Les bulletins pompeux de Diebitsch avaient longtemps donné le change aux Russes sur les résultats véritables de la campagne; mais quand on vit que les choses traînaient en longueur, quand des rapports plus exacts sur les pertes de l'armée d'invasion et sur les temporisations du feld-maréchal eurent dissipé tous les doutes, le parti russe murmura hautement, et attribua le mauvais succès à l'impéritie des chefs presque tous Allemands. L'empereur n'ignorait pas que les traces du mécontentement dont la révolte de décembre 1825 avait signalé l'existence à son avénement au trône n'étaient pas entièrement effacées.

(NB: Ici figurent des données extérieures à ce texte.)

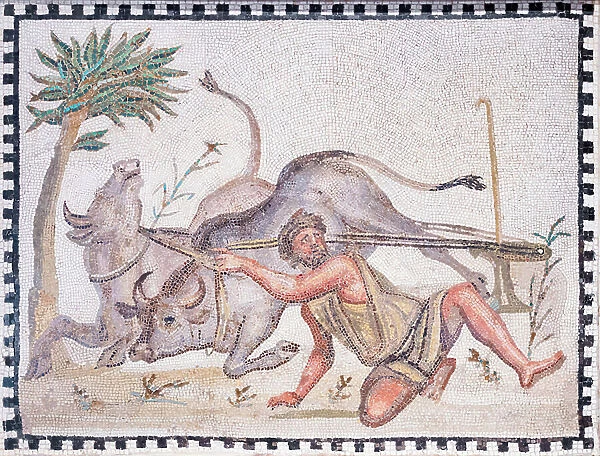 The ploughman with oxen, 3rd-4th century (mosaic)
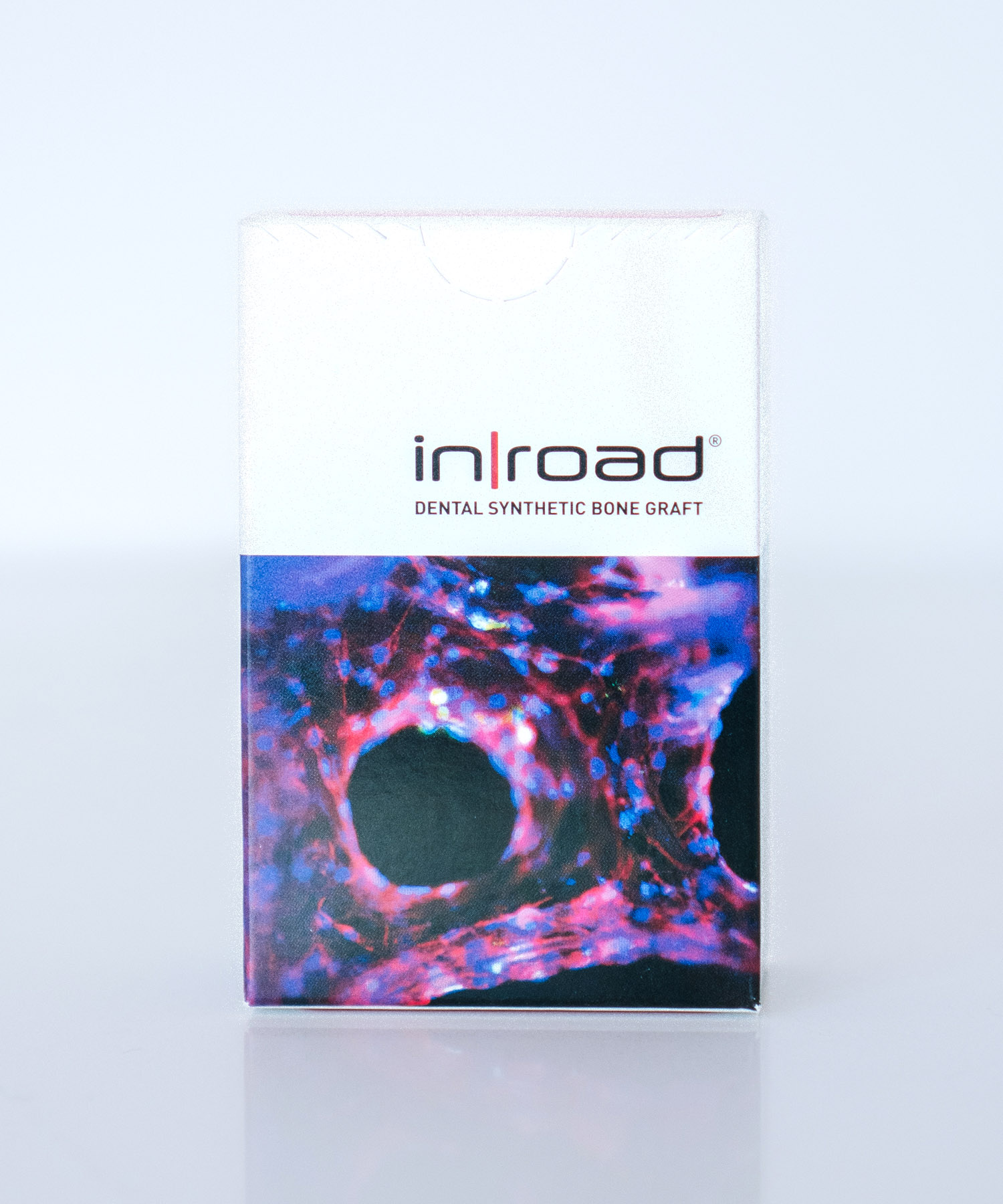 A box of inroad Dental Synthetic Bone Graft material, used in biological dentistry to support complete jawbone healing and treat cavitations.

Un échec le déconsidérait en Europe et aux yeux de ses propres sujets, il fallait vaincre à tout prix; il fallait flatter l'amour-propre national en confiant à une célébrité militaire incontestable la direction de cette guerre opiniâtre; Paskevitch portait un nom russe; à la fois homme de tête et d'exécution, encore dans la vigueur de l'âge, entouré du prestige de ses victoires en Perse, il pouvait mieux que personne réparer les fautes du feld-maréchal. L'empereur l'investit du commandement en chef de ses armées. Le général Toll, n'osant assumer sur lui la responsabilité de quelques mouvements décisifs, se borna a compléter les cadres de l'armée, à rétablir la discipline, et à se tenir sur une défensive respectable. Le général Rudiger se trouvait à Lublin, entièrement coupé du centre de l'armée russe. Skrzynecki résolut de l'attaquer à l'improviste. Rudiger ignorait entièrement les intentions de l'ennemi;

mais les Polonais perdirent un temps précieux, énervèrent leurs colonnes d'attaque, en les disséminant dans l'espace, et les corps destinés à s'appuyer mutuellement agirent sans cet ensemble qui seul peut faire réussir un coup de main. Les Polonais battirent en retraite devant les forces que les Russes avaient eu le temps de leur opposer, et l'on s'estima trop heureux d'échapper à l'ennemi qu'on s'était flatté de surprendre. Les chefs se renvoyaient de l'un à l'autre la responsabilité de ce non- succès, et ce fut le signal des animosités personnelles qui bientôt devaient paralyser tous les efforts de l'insurrection."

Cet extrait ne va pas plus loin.